DATASET CONTENT.
+ + +
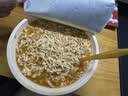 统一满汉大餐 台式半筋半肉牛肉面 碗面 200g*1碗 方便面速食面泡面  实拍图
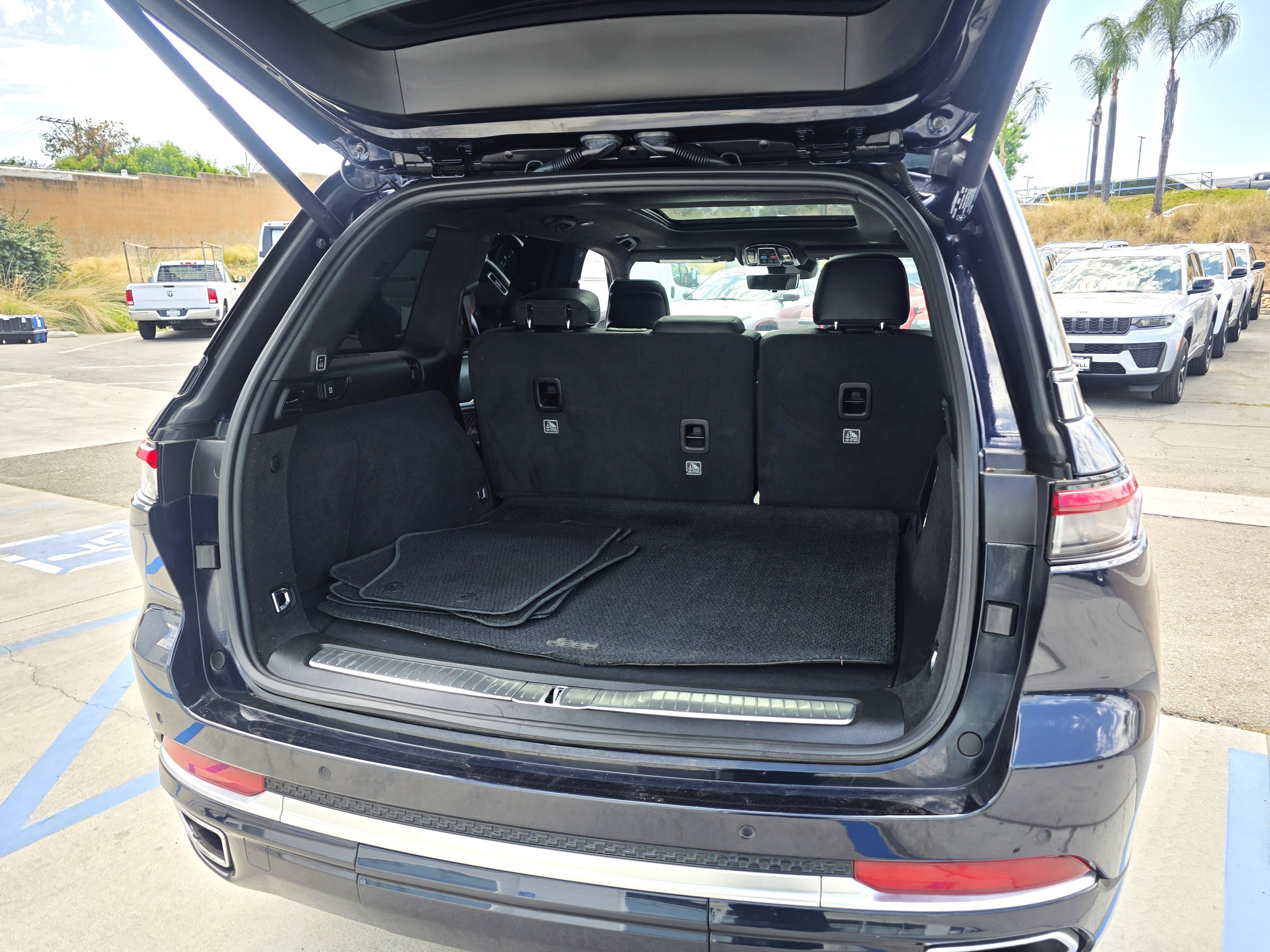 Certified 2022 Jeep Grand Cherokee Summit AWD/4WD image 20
+ + +
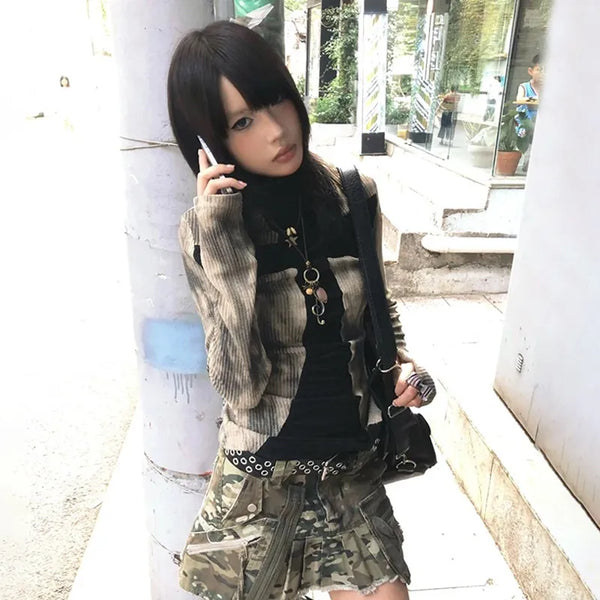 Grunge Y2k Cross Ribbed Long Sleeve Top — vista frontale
+ + +
WORK ITEM.
In the records above, everything from the line with "统一满汉大餐 台式半筋半肉牛肉面 碗面" down to the line with "Certified 2022 Jeep" is to be set down exactly, both ends included, with no pictures and no other lines.

ANSWER SECTION.
 统一满汉大餐 台式半筋半肉牛肉面 碗面 200g*1碗 方便面速食面泡面  实拍图
 Certified 2022 Jeep Grand Cherokee Summit AWD/4WD image 20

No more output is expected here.